With a new tax-cut package on his desk, Missouri Gov. Nixon has zeroed in on a new “fatal flaw’’ that his administration says could wipe out 65 percent of the state’s general-revenue income used to fund most state services and aid to public schools.

Missouri Capitol
Credit (Marshall Griffin/St. Louis Public Radio)
Missouri Capitol

The details may be different, but the basic argument mirrors last year’s fight, when Nixon successfully killed a tax-cut bill by highlighting flaws that he said would cost the state's treasury – and the public – far more than the bill’s backers had intended.

And this time, as he did last year, Nixon is traveling the state to make his case – with most of his stops at schools or universities that his allies say stand to lose if the tax cut stands.

Legislative leaders once again are challenging the governor’s claims, just as they did last year. Both sides also are armed with dueling legal opinions from outside experts.

But amid all of the latest tax-cut frenzy is a key difference from last year’s battle: Time.

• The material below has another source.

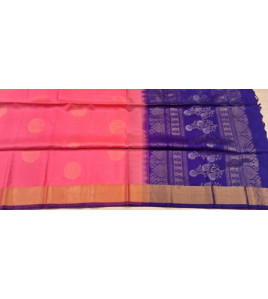 SOFT SILK SAREE WITH BLOUSE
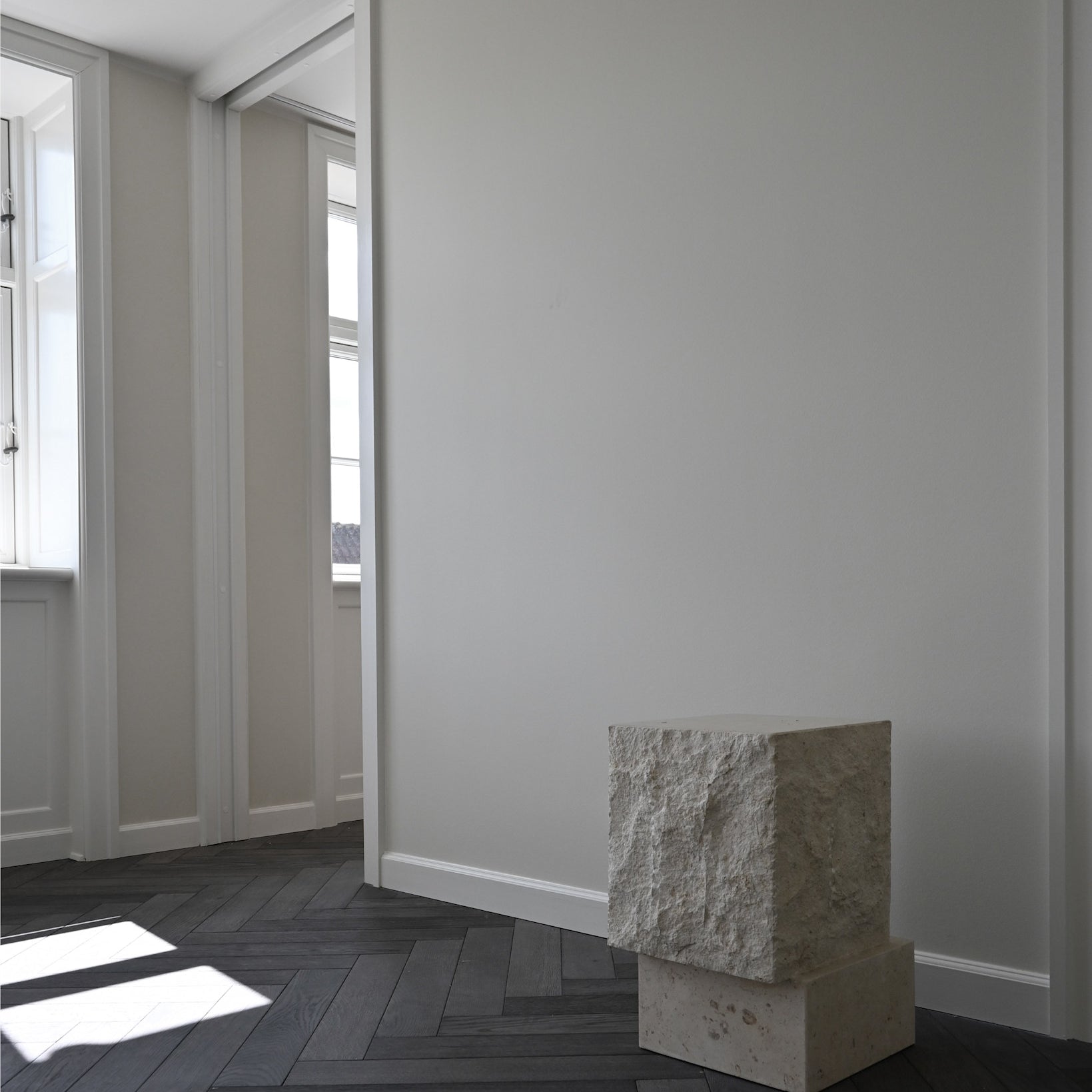 101 Copenhagen - Temple Coffee Table, Tall - Limestone - Table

In 2013, the General Assembly approved the tax-cut measure near the end of legislative session, giving Nixon all summer to blanket the state – and media airwaves – with his objections. Backers of the tax cut even brought in Texas Gov. Rick Perry but that couldn't generate enough momentum to override Nixon’s objections during the September veto session.

This time, the governor has only 15 days to act – and not much longer to make his case. That’s because the General Assembly put the bill on his desk early enough to force Nixon’s hand -- and to allow legislators to attempt to override any veto before the session ends May 16.

Since the bill landed on Nixon’s desk on April 16, he must act by May 1.

George Connor, head of the political science department at Missouri State University – where the governor was appearing Tuesday --  said that both sides will have limited time to energize average Missourians who otherwise may not be paying attention.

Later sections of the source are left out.